テンプレ…まじで?(リメイクしてみた) ※現在このすば!編    作:onekou

151 / 162
どうもonekouでございます。

すみません、御言葉に甘えさせていただき大分お時間を頂きました。

一先ず本編をどうぞ!

あ、ちょっと短めです。


2018.07.14.
一部に矛盾が生じていたので表現を変更いたしました。
「狼じゃなくて狸」

「青狸」


『stage4:この出会いにも祝福を!』

「謝って! ねえ謝って!!!」

 

「サーセン」

 

「あなたに私の気持ちが分かる!? ねえってば!!!」

 

「・・・・・・サーセン」

 

「私、私ってば―――、

 

 

 

 

 ――――粘液と血に塗れながら射出されたのよ!?」

 

 

 

「ホントサーセン」

 

 

 土下座である。

 猛虎落地勢とか、平身低頭覇とか、世代によって名前が変わったり変わらなかったりするが、つまるところの土下座である。

 相手?

 勿論アクア先輩だよ。

 いやまさか、カエルが破裂して、その勢いでパイセン発射されるとか誰が予想できるよ。

 そしてそのままそれなりに高い耐久力もあってべしゃっと地面と抱擁。

 耐久力が高いステータスだから多分大丈夫だよねなんて脳裏で考えたが、何せ血まみれだから考えれば考えるほどに心配になってきた。

 なので恐る恐る近づくと、ガバリと起き上がった先輩に抱きつかれた。

 反射的にぶっ飛ばしそうになったが流石にそれはと思い留まったのが運の尽き、避ける暇もなく無駄に高いステータスもあって抱き付かれてしまう。

 まあでもあまりの生臭さに結局ホールドを解いて離れた。

 そしたら幽鬼の如く追いかけて来るもんだからそこから暫くは鬼ごっこだ。

 ただ、いや、当然ながらというべきか、近接用ステータスを持つ俺に先輩が追いつけるはずもなく、ついには座り込んで泣き始めてしまった。
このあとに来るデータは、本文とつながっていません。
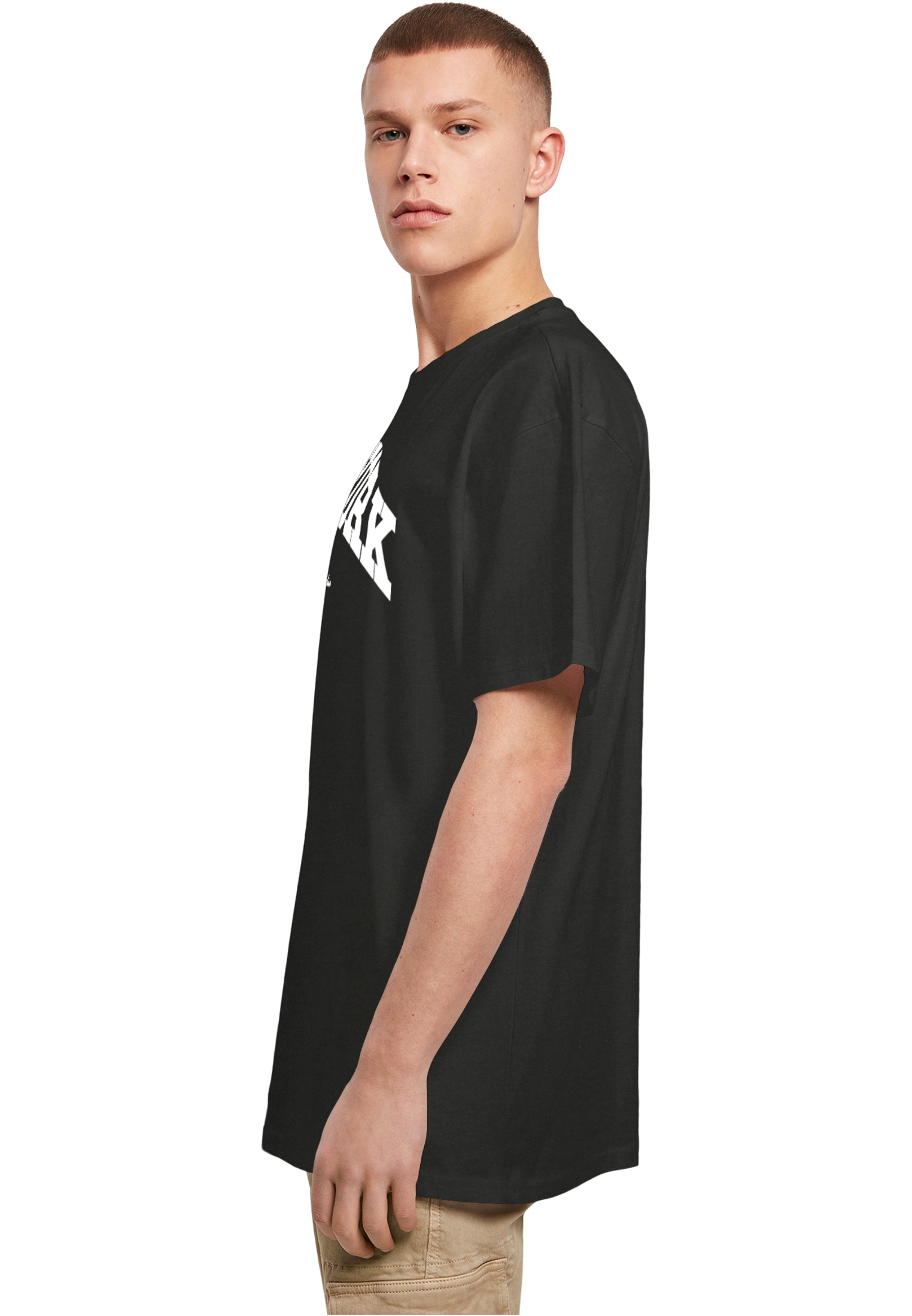 Upscale Studios New York College Oversize T-Shirt black im BAWRZ® One Stop Hip-Hop Shop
今ここ。

  

「なあアクア、そろそろ泣き止んでくれよ」

 

「ほんとごめんなさいセンパイ。クエストも終わったし帰りましょうよ」

 

 ジャイアントトードを残り4匹討伐する必要があったのだが、それに関してはアクア先輩が大声で泣きわめくもんだから続々と寄って来るのですでに規定数以上を討伐し終わっていた。

 こっちにタゲが来るもんだからカズマもバックアタックで何体か倒していたし、それなりに戦闘経験になったことだろう。
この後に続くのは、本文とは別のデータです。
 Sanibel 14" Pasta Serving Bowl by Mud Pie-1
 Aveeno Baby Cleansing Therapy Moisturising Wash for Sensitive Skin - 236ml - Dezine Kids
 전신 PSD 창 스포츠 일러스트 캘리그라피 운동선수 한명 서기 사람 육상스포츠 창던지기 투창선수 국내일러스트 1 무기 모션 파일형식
 ただ、それが終わってもアクア先輩は泣き止んでいなかった。

 というかたまにチラチラとこちらを見ているから確実に嘘泣きというやつだろう。

 それを見たカズマが、ちょっと口をひきつらせながら近づく。

 

「いい加減にしろ駄女神! こちとら初戦闘でヘトヘトなの! さっさと風呂に行って飯食べるぞ!!」

 

 そりゃそうだよな。

 ステータス以前に、現代っ子があんな巨大な蛙を何度も斬ったのだから肉体的にも精神的にも疲れるのは仕方がないだろう。

 実際カズマの姿は泥に汗に返り血にと、一張羅のジャージはえらく草臥れたものになっていた。

 確かにジャイアントトードの意識はこちらに向いていたが、あいつらも当然生きているのだから一撃死でもしないかぎり傷を負えば意識はそちらに向く。

 カズマもそれを踏まえて動いてはいたが限界はある。

 武術などで心構えを身に付けている訳でもない一般人が自分より大きい生き物を初めて斬るのだから心の疲弊も相当な物だろう。

 

 そんなカズマの姿に流石のアクア先輩も気まずくなったのか、今度は頬を膨らませてこちらを睨んでくる。睨むと言っても可愛いだけなので何とも微笑ましいが。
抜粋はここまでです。